E allora la motivazione che, come tante degli anni passati, è stata letta come conferma di decisioni troppo guidate da criteri politici - vale a dire “politicamente corretti” - mi è parsa fuorviante e riduttiva. Decantando «l’intransigente e compassionevole capacità di comprensione degli effetti del colonialismo e del destino dei rifugiati nel divario tra culture e continenti» che cosa si trasmette della ricchezza e complessità dei libri di Gurnah?

Il Nobel per la letteratura, come gli altri premi nati per volontà dell’inventore della dinamite, ha una vocazione legata allo spirito di un tempo che credeva nel “progresso dell’umanità” pur contribuendo a farla procedere sulla via del disastro. Dover premiare non l’autore più meritevole ma quello che «si sia maggiormente distinto per le sue opere in una direzione ideale» lascia tuttavia aperte interpretazioni molto ampie. La “direzione ideale” è stata rinvenuta anche nell’opera di Peter Handke, il vincitore più contestato degli ultimi anni, vuoi per il sostegno a Milošević e altri personaggi implicati nei crimini dell’Ex Jugoslavia vuoi per la serie di apologie letterarie filoserbe che, a quanto pare, per la giuria non facevano veramente testo.

D’altronde, non esiste premio che non sia frutto di mediazioni tra i giurati. E questa, si direbbe, è una delle ragioni per cui, a volte, dal conclave di Stoccolma vengono fuori delle investiture che sembrano tardive o dei nomi che appaiono strappati alla necessità di convergere su un compromesso. Considerando che il campo a cui attingere sarebbe vasto come la letteratura di tutte le lingue, sono scelte né calde né fredde che lasciano il senso dell’occasione sprecata. Nessun autore è stato trasportato dai margini nel canone e nemmeno si è deciso di premiare un nome a cui mancava solo il Nobel per coronare una fama planetaria già raggiunta.

È un’ingiustizia che l’Accademia di Svezia si mostri tanto avara nel consacrare gli scrittori considerati imprescindibili da chi per passione o professione legge molto? Può darsi che generi davvero una stortura, e forse non soltanto nei confronti degli eterni esclusi.
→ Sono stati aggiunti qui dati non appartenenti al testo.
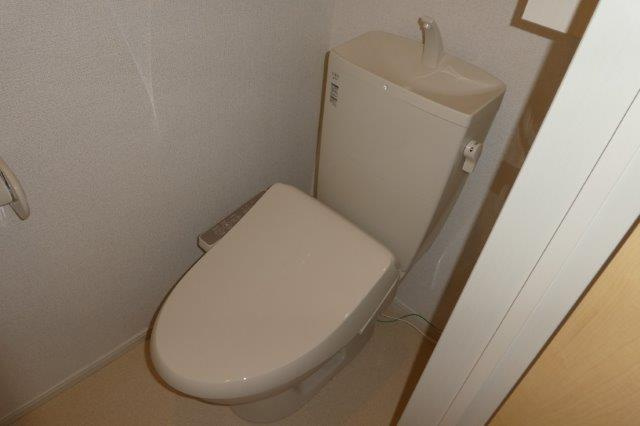 ニューサンライフⅠのトイレ|ウォシュレット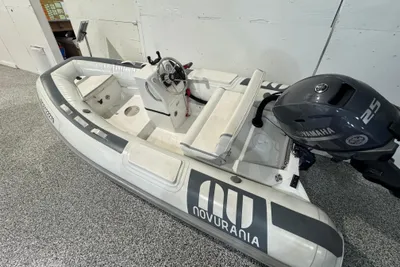 Novurania DL 360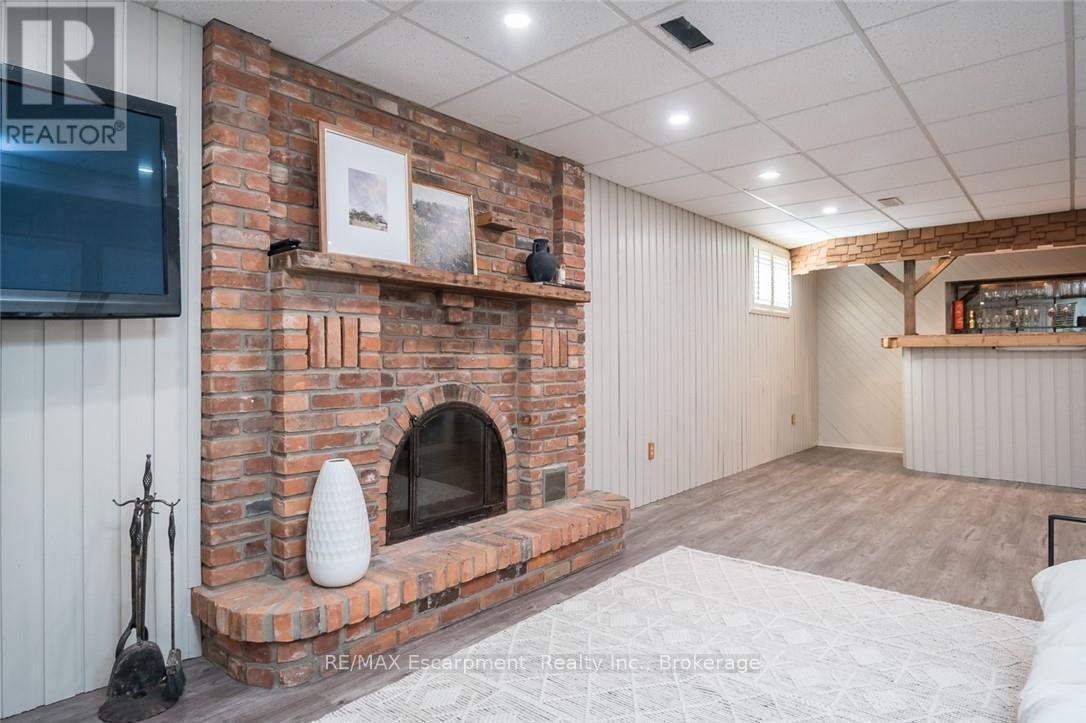 45 Amberwood Street, Hamilton, Ontario  L8J 1J1 - Photo 30 - X12777302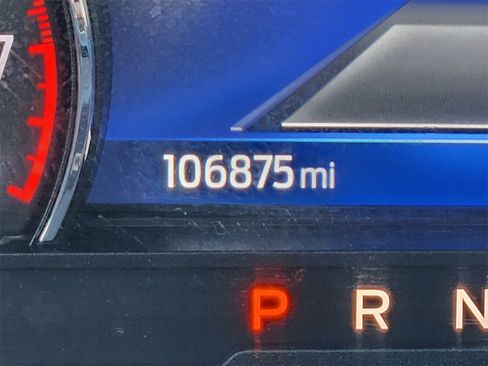 Used 2021 Ford Explorer Limited w/ Equipment Group 301A image 24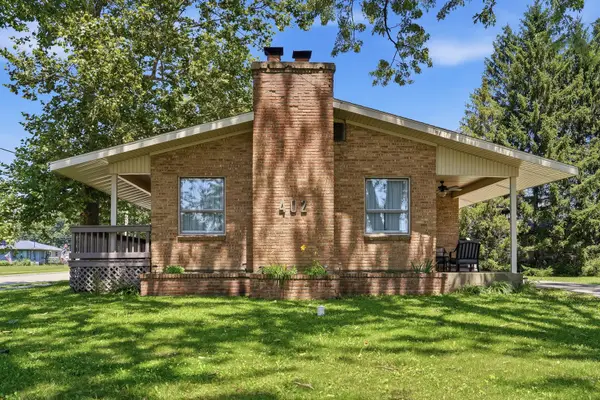 402 E 19th Street, Sterling, IL 61081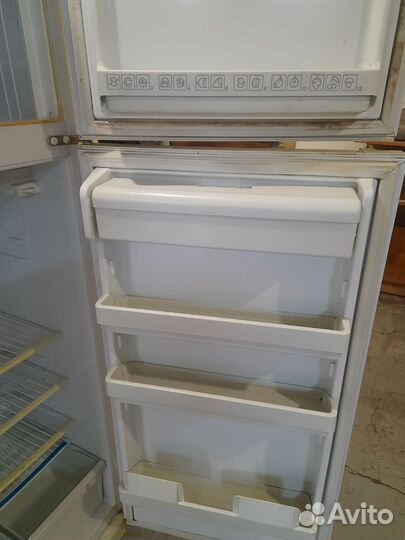 Холодильник бу атлант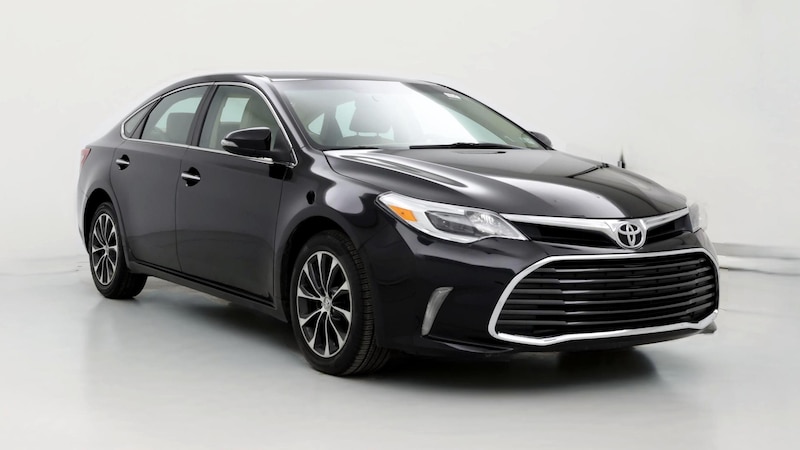 2016 Toyota Avalon XLE Hero Image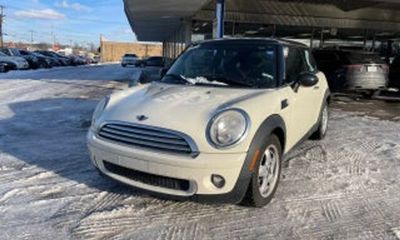 2009 Mini Cooper Base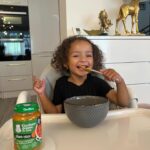 Veronika Nízlová Instagram - Milé mamičky, ako ste na tom vy a príkrmy? Nea si ich ide odkedy ich ochutnala, akurát si ich vypýta s extra ryžou alebo cestovinami😋 Priznám sa, že keď som nemala čas variť večeru, použila som ho ako omáčku na ryžu a musím priznať, že chutilo celej rodine😁 Čo je obrovským benefitom, príkrmy od @gerber_czsk obsahujú kombináciu surovín pestovaných na certifikovaných organicých farmách, kde je braný ohľad na prirodzený spôsob pestovania a dozrievania všetkých plodín. * 100% rastlinná výživa pre našich najmenších * Pestrá kombinácia ingrediencií na objavovanie nových chutí * Naozajstná chuť starostlivo vybraných surovín #gerber#gerberczsk#prikrmy#spolupraca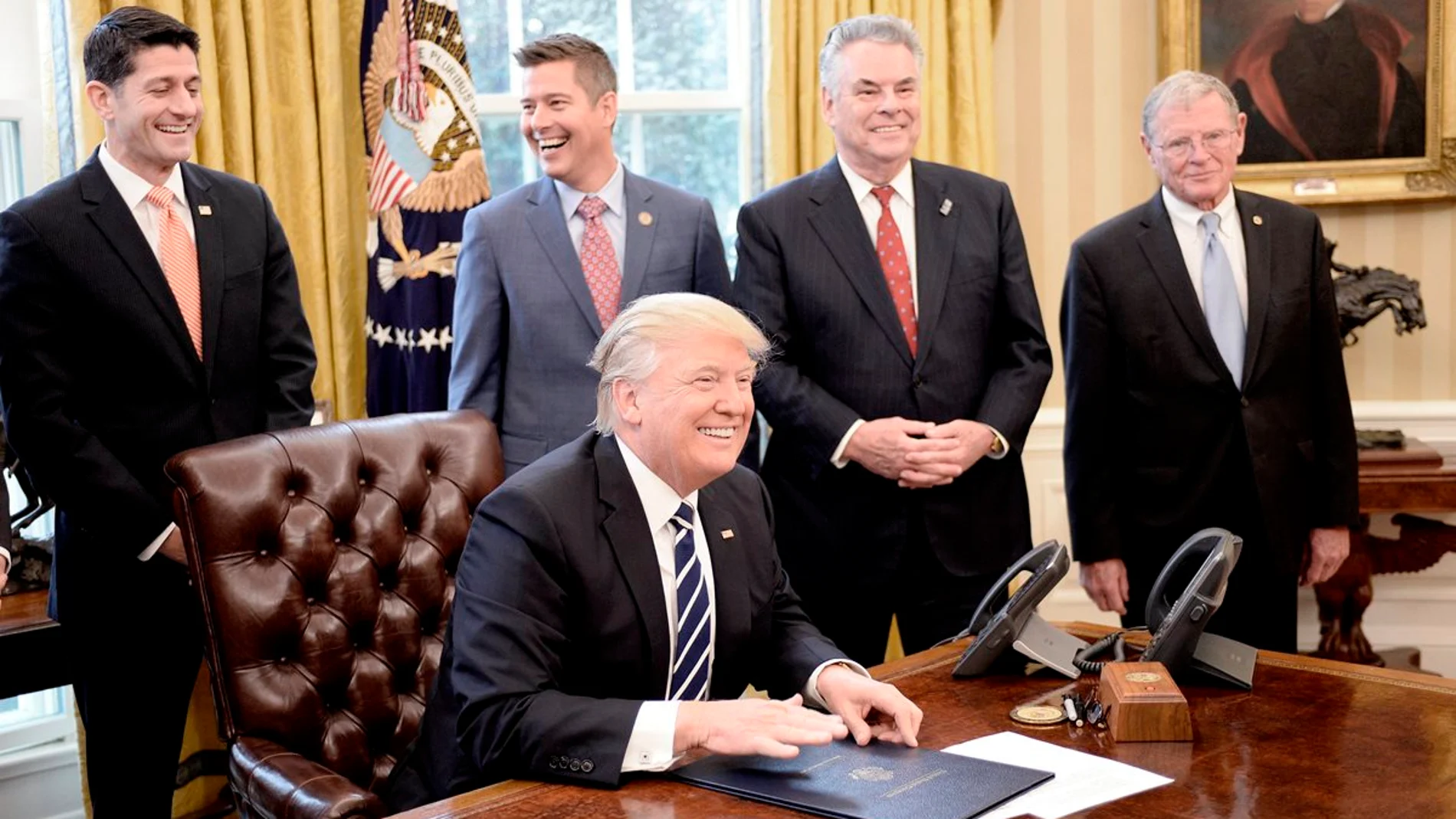 Donald Trump después de firmar una resolución Donald Trump después de firmar una resolución
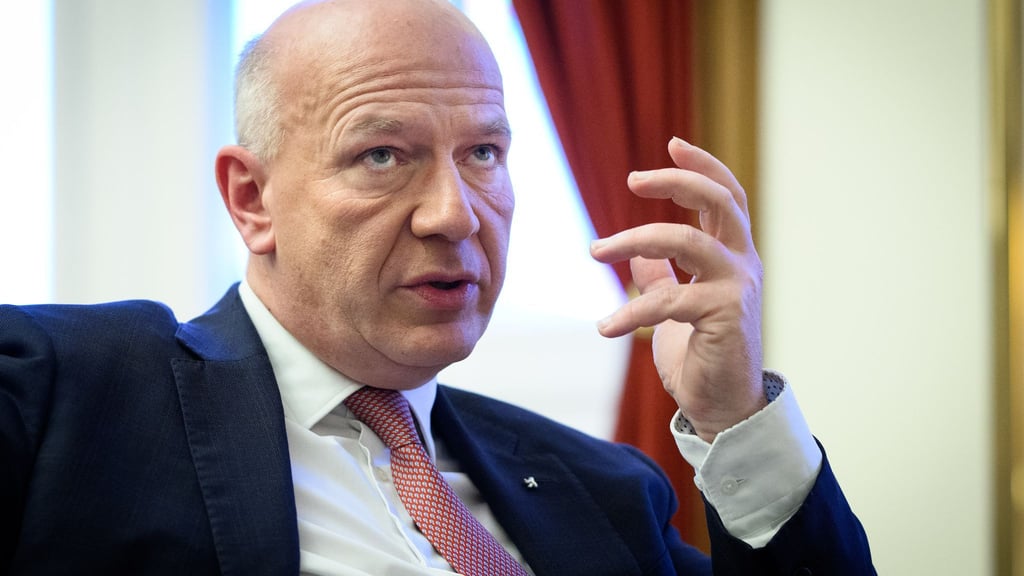 Berlins Regierender Bürgermeister Kai Wegner (CDU) sagt Silvester-Chaoten den Kampf an. (Archivbild)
Nel 1993 si cominciò a contestare che se era toccato alla letteratura americana, finalmente, il premio sarebbe dovuto andare a Philip Roth, scalzato da un’autrice preferita perché era nera e donna. C’erano pochi romanzi di Toni Morrison tradotti in italiano, tra cui “Amatissima” con cui aveva vinto il Pulitzer. Frassinelli seguitò a pubblicarla, senza un successo eclatante. Di recente, qualcuno la scoprì grazie ai consigli di lettura che accompagnarono la copertura di Black Lives Matter rimanendo colpito da una qualità letteraria che superava le aspettative. Infatti non è detto che uno scrittore “marginale” o “minoritario” non sia altrettanto bravo dei pochi capaci di farsi apprezzare in tutto il mondo. Ciò che impedisce quel riconoscimento è in fondo altrettanto condizionato da fattori extraletterari di come appaiono le decisioni di Stoccolma.

A volte il Nobel riesce a rompere un circolo di cui gli editori hanno solo parte della colpa. Perché se, come Garzanti fece con Gurnah, si pubblica uno scrittore da cui non è venuto nessun tornaconto, provandoci tre volte prima di arrendersi, significa che si credeva nel valore dei suoi libri. L’editoria non può seguitare a proporre degli autori - specie se stranieri, da tradurre - senza aver raggiunto un minimo di risonanza. E dato che, senza Nobel o altri colpi di fortuna, questo avviene sempre più di rado, la lista degli autori per cui si tifa in attesa dell’annuncio di Stoccolma ha qualcosa di simile a una Champions letteraria.

Il che richiama la strepitosa ola da stadio con cui Giorgio Parisi è stato riaccolto alla Sapienza: il Nobel per la fisica vinto da ricercatore di un’università dove manca di tutto tranne la tradizione e la materia umana, non è straordinario? Invece per premiare la ricerca letteraria non servono neanche i fondi che il nostro Nobel ha immediatamente chiesto cogliendo l’occasione del trionfo. Basta che la curiosità e l’attenzione siano disposte a andare verso l’ignoto.